GIVEN DATA START

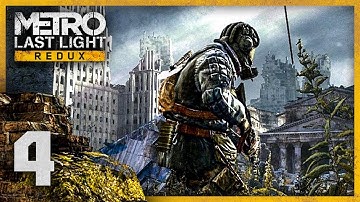 Metro Last Light Redux | Walkthrough Part 4: ECHOES - PC Gameplay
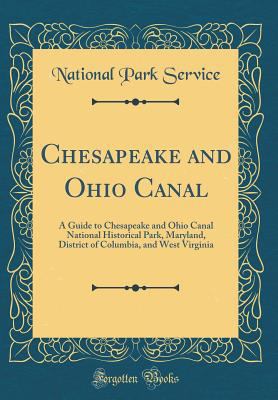 Chesapeake and Ohio Canal: A Guide to Chesapeak... 0265611431 Book Cover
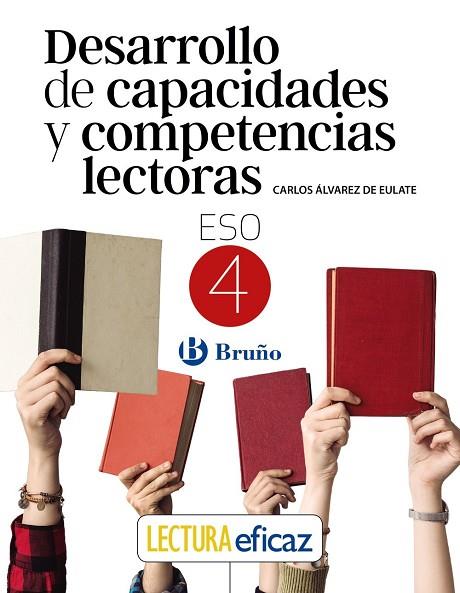 DESARROLLO DE CAPACIDADES Y COMPETENCIAS LECTORAS 4 ESO | 9788469630204 | ÁLVAREZ DE EULATE ALBERDI, CARLOS MIGUEL | Llibres Parcir | Llibreria Parcir | Llibreria online de Manresa | Comprar llibres en català i castellà online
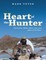 Heart of the Hunter: Stories from Alaska, Africa, Asia, and Places of the Heart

GIVEN DATA END

#### ASSIGNED TASK:
Would you please reproduce verbatim the run of lines that opens the listing and ends with the line holding "Chesapeake and Ohio", and only that run, leaving every picture out?

#### PROBLEM SOLUTION:
 Metro Last Light Redux | Walkthrough Part 4: ECHOES - PC Gameplay
 Chesapeake and Ohio Canal: A Guide to Chesapeak... 0265611431 Book Cover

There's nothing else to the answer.